Своя личная причина воевать есть и у солдата Рокки, образ которого можно считать одним из центральных в романе. Для него это крестьянская привязанность к своей земле. У Рокки был хутор на Карельском перешейке, на территории, отошедшей к Советскому Союзу, и этот хутор он мечтает вернуть. Пока в нем еще теплится надежда, война имеет для него конкретный смысл, а потом он дерется уже с отчаянием обреченного. Здесь необходимо коснуться трагической темы советско-финляндской войны 1939-1940 годов, настолько омрачившей тот этап в отношениях между двумя народами, что вплоть до недавнего времени наша официальная наука не отваживалась на прямой и честный разговор о происшедшем. Еще лет семь-восемь тому назад попытки начать такой разговор сурово пресекались, и только в пору «гласности» стали появляться первые публикации, отвергающие сталинско-молотовскую версию о причинах и инициаторах упомянутой войны, о так называемых «майнильских выстрелах», «териокском правительстве» и т. п. Выясняется истина: да, предвоенные отношения между странами отличались напряженностью, в чем была немалая вина и финских правых кругов, однако сама война все-таки началась по приказу Сталина и являлась по существу агрессивной, захватнической. Известны случаи, когда целые подразделения финской армии, в основном рядовые солдаты, в 1941 году отказывались наступать дальше на восток, за пределы прежней государственной границы, — это было их пониманием восстановления справедливости.
Трагизм войны 1939-1940 годов заключался еще и в том, что она повергла в смятение очень многих прогрессивных людей в Финляндии, питавших к Советскому Союзу самые добрые чувства. Можно назвать, например, целый ряд левых финских писателей, для которых та «зимняя война» обернулась настоящей духовной драмой; она усугублялась еще и тревожными слухами о повальных арестах у соседей, о терроре, от которого погибли также многие «красные финны», эмигрировавшие после поражения финской революции 1918 года в СССР. Между прочим, в тех условиях левым силам в Финляндии стало чрезвычайно трудно вести идейную борьбу с реакцией и антисоветизмом.
Обо всем этом в «Неизвестном солдате» Линны непосредственно не говорится, но глухие отзвуки происшедшего и его последствий все же улавливаются достаточно внятно. Но главное, Рокка мечтает вернуть свой хутор, до отвлеченных разговоров ему нет дела.

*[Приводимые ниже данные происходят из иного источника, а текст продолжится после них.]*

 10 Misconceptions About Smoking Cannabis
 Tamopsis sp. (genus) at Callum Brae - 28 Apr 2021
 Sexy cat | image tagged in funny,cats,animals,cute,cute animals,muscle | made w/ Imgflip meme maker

Герои романа подчеркнуто бравируют своим равнодушием ко всякой идеологии. Хиетанена приводит в недоумение упрек в том, что он повторяет домыслы, выгодные капиталистам. «…Про капиталистов я, брат, ничего не знаю. Вот если старик мой отдаст богу душу прежде меня, тогда мне достанется девять с половиной гектаров никудышной земли — такой я капиталист. Но спину свою гнуть ни перед кем не стану: какой бы капиталист в поле ни встретился, я суну руки в брюки и только поплевывать буду дальше любого дьявола. Вот я каков». Но когда солдат Лехтинен, выступавший в романе носителем левых настроений и сочувствующий коммунизму, понимаемому им в весьма упрощенном виде, пытается как-то обобщить и развить эту крестьянскую неприязнь к господам, другие солдаты встречают его усилия с открытым пренебрежением. Именно здесь, подчеркивается в романе, проходила черта, отделявшая строптивость солдат от действительного бунтарства. В любую минуту они были готовы смеяться над господами и их патриотизмом, но если кто-нибудь хотел придать этому острословию некий «программный характер», солдаты и на это отвечали насмешкой.

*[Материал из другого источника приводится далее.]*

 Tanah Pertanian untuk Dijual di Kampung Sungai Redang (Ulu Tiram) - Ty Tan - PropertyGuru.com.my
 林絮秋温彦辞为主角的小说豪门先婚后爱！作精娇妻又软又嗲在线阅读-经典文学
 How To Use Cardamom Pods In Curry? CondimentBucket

Причина такой позиции коренится в том, что за «неизвестным» солдатом с его будничными, предельно «заземленными» интересами стоит финский крестьянин, сохранивший традиционную неприязнь к «господам», к которым он в своей ограниченности причисляет всех людей не его круга, не его образа мыслей. Его мышление не выходит за пределы того узкого, эмпирического осязаемого мирка, который его непосредственно окружает и в котором все можно потрогать своими руками: участок собственной земли, дом с пристройками, хлеб в амбаре, марки в кошельке. Абсолютизируемый им вещественный мир мелкого собственника дает ему призрачное чувство независимости от большого мира, от политики, от классовой борьбы. Поскольку банки и монополии могут разорить его, постольку ему хочется «плевать» на капиталистов и позубоскалить над их высокопарными речами, а в той мере, в какой он сам остается собственником, ему неприемлем социализм, в котором он тоже видит угрозу для себя.